Monday, November 2, 2015

Swashbuckler Cross: This Is How Fast I Go

This weekend’s Swashbuckler Cross was very much the opposite of Crossasaurus Awesome the week before. The course was not awesome in any traditional sense, I rode alone for most of the race, and I was a lot more ready and willing to go out for my fifth lap.

The course had a ridiculous percentage of the riding surface consisting of loose gravel, including one fast downhill bomb near the finish where you crossed dirt, gravel, pavement, cobbles, and grass all in about three bike lengths. It is my personal opinion that ‘cross courses should not include loose gravel at all, or at most, a short perpendicular crossing of a gravel path or one straightway, if the gravel is reasonably well-packed with no high-speed turn onto it. PACX seems to love the gravel with the two-way parking lot crossing in the middle of an otherwise pretty great course at Town Hall and the sketchy landing at the bottom of the hill at Stoudt’s.

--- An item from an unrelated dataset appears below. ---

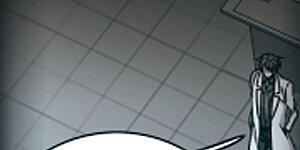 第384话 迟到了一代的合作5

One would think that I would relish the courses being more “technical”, but even though I’ve personally managed to stay upright on them so far, I feel like gravel on a ‘cross course crosses the line from technical to dangerous. That being said, Swashbuckler did have some cool features, and I started to enjoy it more as the race went on and I learned exactly how much I could let it go in the turns.

And the venue had kittens, so there's a big plus.

Once again, I got a good start in the sense that I got clipped in and up to speed very quickly. Since the start included a fairly long strip of flat pavement followed by more flat, gently-snaking course before the first hard turn, I settled in quickly and let the higher-wattage riders go ahead and pull away. Luckily, there really weren’t that many girls ahead of me when the split occurred, and my teammate Roz was the only one to come around and try to give chase to the lead group. I just churned the flats the best that I could and then challenged myself to see how much I could rail it and still stay upright once we hit the sketchier parts of the course. By the time we hit the barriers for the first time, I’d worked my way back up to Roz and pushed myself for an extra quick remount to take the lead. After the race she would say something to the effect of, “You maintained your speed well,” and upon the inspection of my GPS file when I got home, it appears that this was very true.

The first lap was partial, so this is 2-5.

After the first lap, I was mostly just cruising solo, and despite staying on the gas, each time I hit an open section, the next couple of girls up would be a bit smaller. The only ones I managed to reel in were a woman from the 45+ wave and a couple of 3/4 woman that each seemed to magically appear in front of me out of nowhere, presumably due to crashes. One I successfully passed and rode away from, but the other seemed to hover just out of reach for a lap or two before regaining her confidence on the final lap and riding out of sight. Luckily, I have the above proof that it was her speeding up and not me slowing down during the last lap. No giving up for me this race.

Even as I approached the end of the fourth lap, I was okay with doing another. I saw what I thought was the 1/2/3 leader entering the long 180 stretch that contained the barriers as I was leaving, and I knew she would not catch me in the short, fast section of the course that remained before the finish. However, the girl that I thought was the leader was actually second place, and I really had no idea how close I was to being lapped until Laura Van Gilder flew by me a few bike lengths past the finish line on my fourth time through. Although it lengthened my race, I also knew that it meant that anyone who could come up from behind me was cut off, and that I had been given one more lap to see if I could pick off anyone else. I wasn’t able to, but I was proud to have held off being lapped in a race where more than half of the girls didn’t.

It is important to stretch after exercise.

That brings us to matter of the half of the race in which I finished. Although I was already satisfied that I’d done the best I could do on that given day, after the team photos were taken and the turkey legs were eaten, the results showed that I had finished 8th out 19, my first top 50% in a PACX race. It was incredibly satisfying to finally have an unqualified good race this season, and I’m proud of myself for sticking with it through a (literally) bumpy early season. I’m actually excited at the prospect that I might be able to improve a bit more before the season’s over. Of course, the next race is Sly Fox, so while I have high hopes because the course suits me well, the goal that stands out most in my mind is not falling on the stairs two minutes into the race and almost breaking my nose. Never stop dreaming, right?

I guess this happened during my blogging break last year. Fingers crossed for a non-repeat.